The 12th seeded Rojer and Tecau, who rallied from a set down to upset top seeded Henri Kontinen and John Peers in the semi-finals, needed just 86 minutes on a sunny Arthur Ashe Stadium court to add the U.S. Open championship to the Wimbledon title they won in 2015.
The final was the first in the Open era (since 1968) to feature two teams seeded outside the top 10.
During the trophy presentation, Rojer, who was born and lives in Curacao, was asked about the outfit he was wearing, which featured a florescent yellow shirt with a picture of the Statue of Liberty across the front.
The Dutchman explained it was inspired by a rally by white nationalists in Virginia last month that left one woman dead.
“The idea came after the tragic incident in Charlottesville and we came up with this line promoting peace and freedom and liberty,” said Rojer as a small crowd cheered. “I have been wearing it all around and I have another one that has a bunch of people locked in arms civil rights march and hopefully we are moving in that direction.
“I have been here since I was 12 years old, it’s a great country I am happy they let me in and that I got to do my job here.

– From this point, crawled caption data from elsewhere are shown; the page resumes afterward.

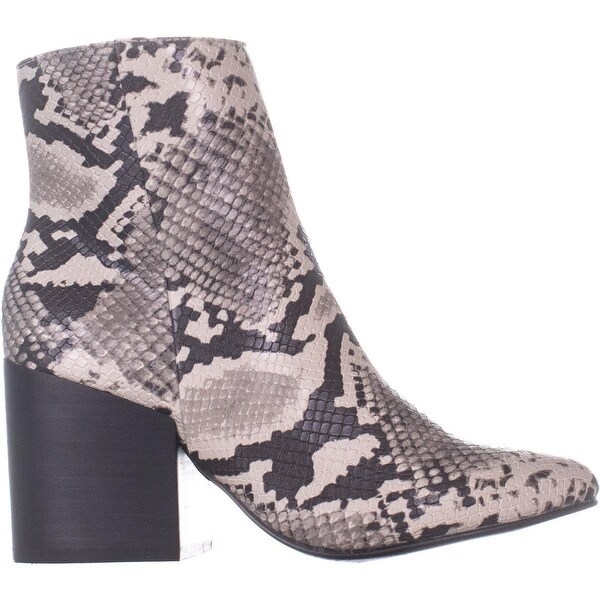 madden girl aaden block heel booties snake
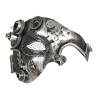 Steampunk maska, strieborná, luxusná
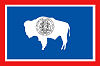 Official State Flag of Wyoming.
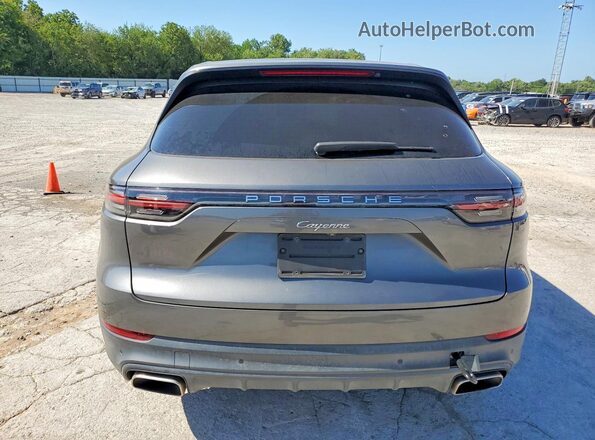 WP1AA2AY5LDA01433 2020 PORSCHE CAYENNE Gray Հետևի տեսք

“Hopefully we will create those opportunities for everybody.”
Meanwhile it was more disappointment for Spain.
Spanish teams have been in the Flushing Meadows final three of last four years but again fell short of ending a drought that has stretched back to a victory by Sergio Casal and Emilio Sanchez in 1988.
“We didn’t have many chances on their serve and they took all of them,” lamented Feliciano Lopez, who was beaten in the third round of the singles by Roger Federer.
“This is something to be proud of and I think we have many years to still play together.”